5.3 Thinking About Image Batches

Consider a PyTorch‑style image batch (N, C, H, W).

NumPy can represent the same shape.

# N=32, C=3 (RGB), H=W=64
images = np.random.randn(32, 3, 64, 64)

Examples:

  1. Global pixel maximum
global_max = np.max(images)  # scalar
  1. Channel‑wise mean (RGB)
# Reduce over batch, height, and width, keep channels
channel_mean = np.mean(images, axis=(0, 2, 3))  # shape: (3,)

This pattern is frequently used for channel‑wise normalization.


6. Aggregation + Comparison: Common Patterns

6.1 Accuracy Calculation

For binary classification:

import numpy as np

# Predicted probabilities (not logits)
pred = np.array([0.2, 0.8, 0.9, 0.3])
# Ground‑truth labels (0 or 1)
target = np.array([0, 1, 1, 0])

# Convert probabilities to class labels at 0.5 threshold
pred_label = (pred > 0.5).astype(np.int32)   # [0 1 1 0]

# Correct predictions
correct = (pred_label == target)             # [ True True True True]

accuracy = np.mean(correct)                  # True=1, False=0
print(accuracy)  # 1.0

The same logic applies in PyTorch.

6.2 Loss with a Mask

loss = np.array([0.1, 0.5, 0.2, 0.9])
mask = np.array([True, False, True, False])

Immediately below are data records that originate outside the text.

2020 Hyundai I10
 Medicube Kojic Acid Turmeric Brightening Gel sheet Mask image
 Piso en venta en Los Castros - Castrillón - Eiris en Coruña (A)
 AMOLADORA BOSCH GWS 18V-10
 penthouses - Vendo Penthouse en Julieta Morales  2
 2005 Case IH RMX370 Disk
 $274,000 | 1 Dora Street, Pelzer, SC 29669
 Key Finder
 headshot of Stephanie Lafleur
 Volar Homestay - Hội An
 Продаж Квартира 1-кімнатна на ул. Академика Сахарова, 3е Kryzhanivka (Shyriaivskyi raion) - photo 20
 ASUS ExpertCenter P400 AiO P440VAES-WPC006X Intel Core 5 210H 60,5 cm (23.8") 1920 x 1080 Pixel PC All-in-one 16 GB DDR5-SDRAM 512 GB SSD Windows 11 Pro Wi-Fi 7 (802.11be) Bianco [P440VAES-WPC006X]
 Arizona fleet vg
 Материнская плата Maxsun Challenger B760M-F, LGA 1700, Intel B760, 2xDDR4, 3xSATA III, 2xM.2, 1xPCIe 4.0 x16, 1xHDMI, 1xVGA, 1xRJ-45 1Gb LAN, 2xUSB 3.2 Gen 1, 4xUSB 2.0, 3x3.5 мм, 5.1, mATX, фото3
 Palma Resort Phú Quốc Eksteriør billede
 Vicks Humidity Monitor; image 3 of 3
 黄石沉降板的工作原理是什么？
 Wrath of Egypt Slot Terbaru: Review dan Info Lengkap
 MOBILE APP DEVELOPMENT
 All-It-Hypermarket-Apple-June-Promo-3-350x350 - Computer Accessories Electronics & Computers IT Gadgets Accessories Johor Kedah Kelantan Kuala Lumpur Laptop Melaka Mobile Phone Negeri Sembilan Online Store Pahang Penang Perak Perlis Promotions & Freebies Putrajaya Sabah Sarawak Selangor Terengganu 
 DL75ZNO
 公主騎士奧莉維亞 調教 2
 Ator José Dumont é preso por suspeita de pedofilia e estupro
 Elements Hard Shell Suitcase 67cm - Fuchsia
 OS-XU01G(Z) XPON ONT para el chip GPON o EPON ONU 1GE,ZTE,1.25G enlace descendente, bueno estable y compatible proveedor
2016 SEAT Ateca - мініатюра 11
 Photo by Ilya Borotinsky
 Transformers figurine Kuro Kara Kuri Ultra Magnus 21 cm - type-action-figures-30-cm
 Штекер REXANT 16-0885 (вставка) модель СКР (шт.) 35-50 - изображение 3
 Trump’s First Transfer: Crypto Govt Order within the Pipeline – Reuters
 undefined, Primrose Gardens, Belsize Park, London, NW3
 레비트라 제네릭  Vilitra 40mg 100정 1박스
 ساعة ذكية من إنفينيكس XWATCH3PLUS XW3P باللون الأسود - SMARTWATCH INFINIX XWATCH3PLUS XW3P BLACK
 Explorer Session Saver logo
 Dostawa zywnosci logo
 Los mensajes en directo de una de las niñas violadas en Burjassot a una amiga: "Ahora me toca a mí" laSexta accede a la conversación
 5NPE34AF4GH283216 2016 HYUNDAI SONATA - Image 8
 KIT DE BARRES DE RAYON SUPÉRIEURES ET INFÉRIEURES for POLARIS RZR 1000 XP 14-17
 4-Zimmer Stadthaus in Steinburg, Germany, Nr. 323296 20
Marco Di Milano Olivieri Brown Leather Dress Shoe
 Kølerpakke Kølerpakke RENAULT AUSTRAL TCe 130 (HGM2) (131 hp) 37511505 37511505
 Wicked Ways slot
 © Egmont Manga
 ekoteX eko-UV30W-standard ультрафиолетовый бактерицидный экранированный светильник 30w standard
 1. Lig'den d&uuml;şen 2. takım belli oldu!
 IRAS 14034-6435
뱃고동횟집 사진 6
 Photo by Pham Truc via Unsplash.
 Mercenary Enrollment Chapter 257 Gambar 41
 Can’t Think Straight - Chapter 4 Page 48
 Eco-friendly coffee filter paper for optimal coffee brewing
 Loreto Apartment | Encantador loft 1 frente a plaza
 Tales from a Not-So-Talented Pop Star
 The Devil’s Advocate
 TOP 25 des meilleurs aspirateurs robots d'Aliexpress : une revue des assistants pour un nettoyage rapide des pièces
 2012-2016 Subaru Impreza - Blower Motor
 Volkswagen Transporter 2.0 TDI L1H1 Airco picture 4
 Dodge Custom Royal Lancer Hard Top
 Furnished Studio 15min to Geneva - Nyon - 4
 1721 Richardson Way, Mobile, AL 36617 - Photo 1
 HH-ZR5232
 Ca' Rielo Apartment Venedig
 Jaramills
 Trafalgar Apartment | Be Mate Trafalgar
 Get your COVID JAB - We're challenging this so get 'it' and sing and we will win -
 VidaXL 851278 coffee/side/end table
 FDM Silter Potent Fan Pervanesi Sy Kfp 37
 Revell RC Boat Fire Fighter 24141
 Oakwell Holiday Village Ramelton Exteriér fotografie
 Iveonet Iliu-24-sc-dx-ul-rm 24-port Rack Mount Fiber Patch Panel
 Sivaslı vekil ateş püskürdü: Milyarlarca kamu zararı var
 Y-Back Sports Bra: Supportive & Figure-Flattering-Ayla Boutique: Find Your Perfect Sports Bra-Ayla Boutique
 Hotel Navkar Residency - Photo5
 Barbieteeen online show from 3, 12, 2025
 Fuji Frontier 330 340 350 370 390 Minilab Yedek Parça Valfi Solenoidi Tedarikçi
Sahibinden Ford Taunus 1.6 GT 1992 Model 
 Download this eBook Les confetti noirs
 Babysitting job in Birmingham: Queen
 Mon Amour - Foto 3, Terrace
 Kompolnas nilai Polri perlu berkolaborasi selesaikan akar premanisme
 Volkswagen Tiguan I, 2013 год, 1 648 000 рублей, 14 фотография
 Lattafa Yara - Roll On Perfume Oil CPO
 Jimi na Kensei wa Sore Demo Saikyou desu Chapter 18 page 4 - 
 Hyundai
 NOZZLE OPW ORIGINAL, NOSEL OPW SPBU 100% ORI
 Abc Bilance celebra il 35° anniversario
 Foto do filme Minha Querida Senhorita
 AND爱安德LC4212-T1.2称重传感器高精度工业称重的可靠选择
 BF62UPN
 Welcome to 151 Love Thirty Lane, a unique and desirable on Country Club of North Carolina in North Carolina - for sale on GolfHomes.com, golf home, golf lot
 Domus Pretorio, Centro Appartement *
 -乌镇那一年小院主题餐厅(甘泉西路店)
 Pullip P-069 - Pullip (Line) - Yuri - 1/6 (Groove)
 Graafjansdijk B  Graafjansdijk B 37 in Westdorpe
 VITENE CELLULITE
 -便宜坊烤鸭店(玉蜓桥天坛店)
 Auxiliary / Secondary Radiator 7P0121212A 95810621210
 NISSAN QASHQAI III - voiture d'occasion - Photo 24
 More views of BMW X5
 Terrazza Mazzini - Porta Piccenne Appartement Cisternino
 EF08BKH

masked_loss = loss[mask]      # [0.1, 0.2]
mean_loss = np.mean(masked_loss)
print(mean_loss)              # 0.15000000000000002

When you want to include only positions that satisfy a condition, the combination of masking + aggregation is very handy.


7. Summary: The Basic Operations Covered Today

  1. Arithmetic (+, -, *, /, **) * Element‑wise by default * Works naturally with scalars
  2. Comparisons (>, <, >=, <=, ==, !=) * Produce boolean arrays * Useful as masks for filtering, counting, or computing accuracy
  3. Aggregation (np.sum, np.mean, np.max, np.min) * Without an axis: whole‑array statistics * With an axis: reduce along a chosen dimension
  4. axis Concept * axis=0 → column‑wise (feature‑wise) in 2‑D * axis=1 → row‑wise (sample‑wise) * In deep learning, common shapes are (batch, feature) or (N, C, H, W)

Becoming comfortable with these basics lets you translate mathematical formulas into NumPy or PyTorch code almost instantly, making complex tensor operations feel natural.